Portugal beats budget targets on path to exiting bailout

Published on 31/03/2014

Portugal took a big step towards emerging from its debt bailout and regaining investor confidence on Monday by beating its budget target by a wide margin.

Portugal, still struggling to overcome its debt crisis, to pull away from recession and overcome public anger at tough austerity measures, turned in a budget overshoot equivalent to 4.9 percent of output last year.

That marked a huge reduction from a public deficit of 6.4 percent in 2012, official data showed on Monday.

The outcome was far better than the target of 5.5 percent set by the government and creditors financing a bailout which is due to end on May 17.

The figures was published by the national statistics office in line with European Union Eurostat calculations and included the injection of 700 million euros to recapitalise the Banif bank.

Excluding this capital injection, the public deficit amounted to 4.5 percent of gross domestic product, analysts calculated.

The latest figure will be seen as a big encouragement to the Portuguese government, and reassurance for investors, as the country prepares to return fully to financing itself normally on the sovereign debt market.

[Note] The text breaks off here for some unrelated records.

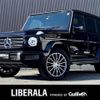 mercedes-benz g-class 2019 -MERCEDES-BENZ--Benz G Class 3DA-463349--WDB4633492X336234---MERCEDES-BENZ--Benz G Class 3DA-463349--WDB4633492X336234- image 1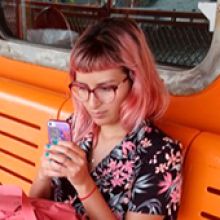 Alejandra Buenaventura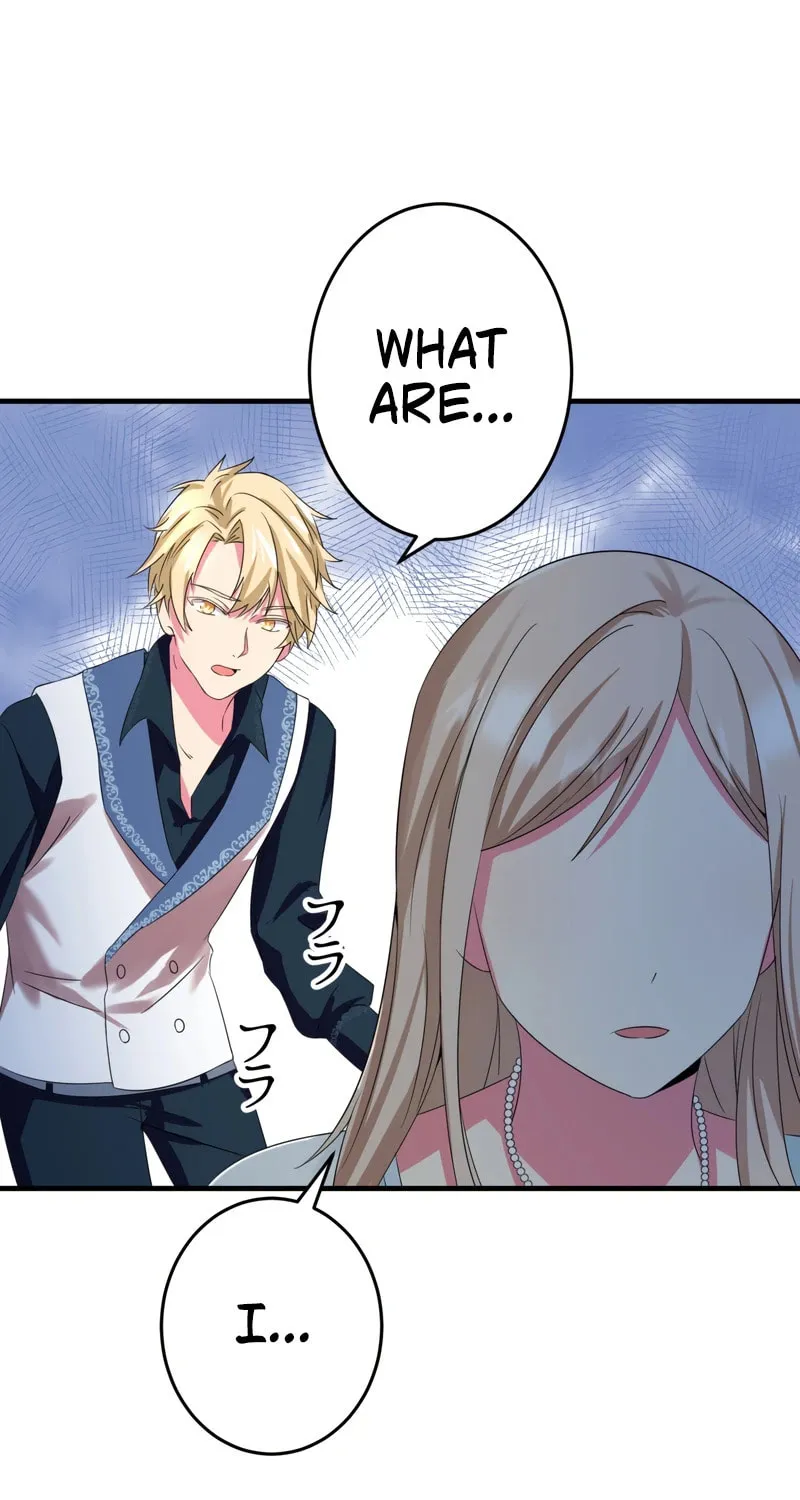 Even though I become a side character, I’m being adored by an overprotective duke. Chapter 22 page 67 -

But despite this marked progress in reducing the annual deficit, the gap between spending and revenues, the public debt of accumulated past deficits rose to 129.0 percent of output last year from 124.1 percent in 2012.

The debt now amounts to 213.63 billion euros, the statistics office Ine said.

The national accounts benefited from a partial tax amnesty which enabled taxpayers with outstanding taxes to pay to do so before the end of the year, a measure which raised 1.25 billion euros ($1.73 billion), far more than the expected figure of 700 million euros.

In the second half of last year, the economy pulled out of recession to show growth of 1.1 percent and this also helped public finances, since growth raises tax income and reduces some costs.

The recovery, ending two and a half years of recession, held in the fourth quarter when the economy grew by 0.6 percent on a quarterly basis.

In May 2011, Portugal was rescued by the International Monetary Fund and by the European Union with loans totalling 78 billion euros on condition that the country enact deep structural reforms to correct public finances and raise efficiency in the economy.

However, this slowed down the economy, and also household spending which began to recover in the last quarter of last year.

At the end of February, auditors from the IMF, EU and European Central Bank approved progress by Portugal in meeting the loan conditions.

But before the creditors release a slice of funding worth 2.5 billion euros, the government must come up with measures worth a further 1.7 billion euros to reduce the public deficit to 4.0 percent of output this year and 2.5 percent in 2015.